REPURPOSING A SAMPLING-BASED PLANNER FOR A SIX-DEGREE-OF-FREEDOM MANIPULATOR TO AVOID UNPREDICTABLE OBSTACLES

This paper presents the use of a sampling-based planner as a reactive planning scheme to avoid obstacles between a robotic arm and a moving obstacle. Based on a planner benchmark on an obstacle-ridden environment, a rapidly-exploring random tree (RRT) planner has been used to populate the trajectories of the task space and map them into a configuration space using a Newton-Raphson-based inverse kinematic solver. Two robot poses are defined in a cycle of back-and-forth motion; the initial and the goal poses.
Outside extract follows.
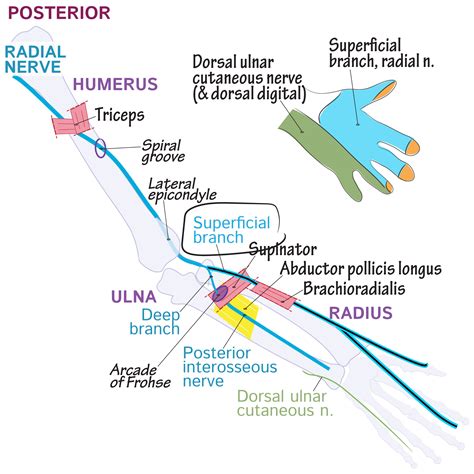 Gross Anatomy Glossary Superficial Radial Sensory Nerve Draw It To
The robot repeatedly moves from the starting pose to the end pose via the midpoint pose. Each set of trajectories is unique. We define this unique solution within the context of the configuration space as a cycle space. We impose a periodically occurring synthetic obstacle that moves in and out of the robot arm workspace defined in a simulated environment. Within the robot's workspace, the obstacle moves and cuts through the cycle space to emulate a dynamic environment. We also ran a benchmark on the available sampling planner in the OMPL library for static obstacle avoidance. Our benchmark shows that the RRT has the lowest time planning time at 0.031 s compared with other sampling -based planners available in the OMPL library, RRT implicitly avoids singularities within the cycle space, and reactively attempts to avoid synthetic moving objects near the robot hardware. This research intends to further investigate on the use of RGB-D sensor and LiDAR to track moving obstacles while abiding by the task spacc commands described by the initial and goal poses.